Cody Marrs (Ph.D., UC Berkeley) teaches and writes about American literary history, with particular interests in time and periodization, aesthetic theory, and the long nineteenth century. His first book, Nineteenth-Century American Literature and the Long Civil War (Cambridge University Press, 2015), argues that the Civil War takes shape not as a discrete rupture around which “antebellum” and “postbellum” eras can be plotted, but as a multilinear upheaval. Focusing on the later writings of Walt Whitman, Frederick Douglass, Herman Melville, and Emily Dickinson, he shows how the works shaped by the Civil War also eclipse that conflict, extending into a vast array of other times and places. The book was named a Choice Outstanding Academic Title. It was also the subject of a roundtable discussion in Common-Place: The Journal of Early American Life.
He serves on the Faculty Editorial Board of the University of Georgia Press. In 2016, he was the recipient of the Presidential Early Career Award for Outstanding Assistant Professor in the Arts and Humanities. In 2011, he was awarded the Hennig Cohen Prize for the best essay or book chapter on Herman Melville. A recipient of fellowships from the Newberry Library, the Townsend Center for the Humanities at UC Berkeley, and the Willson Center for the Humanities at UGA, he is currently working on several different projects. He is writing The Civil War: A Literary History (under contract with Johns Hopkins University Press), a book about the five stories that have been told about the war, from the nineteenth-century to the twenty-first. With Christopher Hager, he is co-editing Timelines of American Literature (under contract with Johns Hopkins University Press), a collection of essays—each organized around an unfamiliar date range—that seek to reperiodize and reimagine American literary history. He is also the editor of The New Melville Studies (under contract with Cambridge University Press), as well as “Late Melvilles,” a special issue of Leviathan about the style and politics of Melville’s later writings.
His recent work can also be found in A History of Civil War Literature, ed. Coleman Hutchison (Cambridge University Press, 2015), and in journals such as American Literature and J19: The Journal of Nineteenth-Century Americanists.

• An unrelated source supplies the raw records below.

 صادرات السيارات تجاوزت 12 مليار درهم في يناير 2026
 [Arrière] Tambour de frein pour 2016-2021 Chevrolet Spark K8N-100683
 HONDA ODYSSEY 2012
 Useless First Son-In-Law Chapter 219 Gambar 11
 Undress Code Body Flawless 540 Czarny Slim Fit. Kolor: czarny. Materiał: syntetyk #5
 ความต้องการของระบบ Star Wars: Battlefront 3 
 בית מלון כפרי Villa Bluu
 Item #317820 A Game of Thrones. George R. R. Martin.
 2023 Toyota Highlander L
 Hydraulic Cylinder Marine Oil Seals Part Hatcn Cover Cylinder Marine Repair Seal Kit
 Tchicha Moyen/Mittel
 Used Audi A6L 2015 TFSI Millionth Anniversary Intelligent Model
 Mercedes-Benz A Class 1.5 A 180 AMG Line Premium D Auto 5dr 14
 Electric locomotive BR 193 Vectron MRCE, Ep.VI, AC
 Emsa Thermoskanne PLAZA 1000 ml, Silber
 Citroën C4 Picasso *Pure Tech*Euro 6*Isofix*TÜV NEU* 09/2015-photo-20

Nineteenth-Century American Literature and the Long Civil War. Cambridge and New York: Cambridge University Press, 2015. (Cambridge Studies in American Literature and Culture)
Leviathan: A Journal of Melville Studies. Special Issue on "Late Melvilles," 18:3 (October 2016).
Articles and Book Chapters:
"Three Theses on Reconstruction," forthcoming in American Literary History
"Dickinson in the Anthropocene," forthcoming in ESQ: A Journal of Nineteenth-Century American Literature and Culture
"Afterword: Archiving the War," co-authored with Christopher Hager, in A History of American Civil War Literature, ed. Coleman Hutchison (Cambridge and New York: Cambridge University Press, 2015)
"Against 1865: Reperiodizing the Nineteenth Century," co-authored with Christopher Hager, J19: The Journal of Nineteenth-Century Americanists 1:2 (Fall 2013): 259-284.
"Frederick Douglass in 1848," American Literature 85:3 (September 2013): 447-473.
"Clarel and the American Centennial," Leviathan: A Journal of Melville Studies 13:3 (October 2011): 98-114.
"Whitman's Latencies: Hegel and the Politics of Time in Leaves of Grass," Arizona Quarterly 67:1 (Spring 2011): 47-72.
"A Wayward Art: Battle-Pieces and Melville's Poetic Turn," American Literature 82:1 (March 2010): 91–119. (Awarded the Hennig Cohen Prize for the best essay or chapter in Melville studies.)